The first judgement will come from the police. They have the option of offering you a course or fixed penalty (£100 and three points). Unlike speeding (where the offer of an out-of-court disposal (OOCD) is quite prescriptive based on the limit and excess speed) careless driving is not so clear cut and is very much judged on a case-by-case basis. However, the police use some general guidance and I I believe their current rule is that to qualify for an OOCD the incident there must be:

  • no victims
  • no collisions
  • no public complaint about the driving.
  • the incident must be observed by officers (rather than only the public)

In that respect it seems your incident may qualify. However, driving the wrong way down a dual carriageway is bordering on dangerous driving, as intimated by the officer.  Although there were no victims and no collisions this was more luck than judgement and probably more down to the good fortune that the police intercepted you before any harm was done. If there had been any other vehicles on your carriageway there would almost certainly have been a collision and the consequences of what would have been a head-on smash could have been catastrophic.

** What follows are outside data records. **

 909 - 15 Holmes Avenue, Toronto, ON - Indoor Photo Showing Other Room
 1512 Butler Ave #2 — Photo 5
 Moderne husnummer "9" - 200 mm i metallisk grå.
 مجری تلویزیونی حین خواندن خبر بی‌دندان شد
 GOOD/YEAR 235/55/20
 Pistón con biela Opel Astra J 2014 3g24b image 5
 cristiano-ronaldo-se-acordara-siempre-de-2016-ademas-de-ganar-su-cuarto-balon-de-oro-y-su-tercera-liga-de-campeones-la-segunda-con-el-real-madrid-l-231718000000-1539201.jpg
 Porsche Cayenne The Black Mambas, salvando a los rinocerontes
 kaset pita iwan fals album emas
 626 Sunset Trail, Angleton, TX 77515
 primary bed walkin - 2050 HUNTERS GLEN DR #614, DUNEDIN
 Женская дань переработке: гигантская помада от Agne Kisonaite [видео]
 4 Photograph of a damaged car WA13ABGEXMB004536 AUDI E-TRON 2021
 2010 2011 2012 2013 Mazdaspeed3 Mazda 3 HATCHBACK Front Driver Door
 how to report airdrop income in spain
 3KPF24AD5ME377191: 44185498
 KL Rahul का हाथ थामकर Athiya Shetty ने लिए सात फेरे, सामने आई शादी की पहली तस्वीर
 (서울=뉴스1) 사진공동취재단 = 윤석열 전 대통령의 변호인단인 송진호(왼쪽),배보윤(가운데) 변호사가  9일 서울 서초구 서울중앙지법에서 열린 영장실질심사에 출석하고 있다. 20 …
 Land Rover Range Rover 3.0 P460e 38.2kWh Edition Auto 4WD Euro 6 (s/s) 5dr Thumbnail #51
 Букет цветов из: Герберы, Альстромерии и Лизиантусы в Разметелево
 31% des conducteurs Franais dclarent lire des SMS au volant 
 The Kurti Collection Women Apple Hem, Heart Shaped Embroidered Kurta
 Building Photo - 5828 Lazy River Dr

Your explanation of the event does little to mitigate the offence. I know you are not blaming the satnav instructions as such but you are giving them quite a bit of weight:

“…therefore I don't think following it's instruction was literally an act of carelessness or recklessness on my part.”

I would disagree. Following its instructions unquestionably is careless. This is especially so in the circumstances you describe. I know Junction 10 on the M25 very well. There have been major works in progress for some months and they are not due for completion until summer 2025. The junction is being completely remodelled and the new layout will cover a much larger area than the current arrangements. Different sections are often closed at night with diversions such as you encountered and it is impossible for satnav systems to be updated with the constantly changing relevant information. More than that, there is adequate signage from each of the four directions approaching the junction; there are narrow lanes and a restricted speed limit throughout. It is an extensive site involving major work. Quite simply, that vicinity – especially if you are re-routed because of road closures - it is not a place to depend on a satnav. You have to look out of the window. In my view, what you are saying actually aggravates the offence. Despite the obvious and apparent hazards, you still expected the satnav to see you safely through this major junction, even when it provided an instruction that was clearly inappropriate.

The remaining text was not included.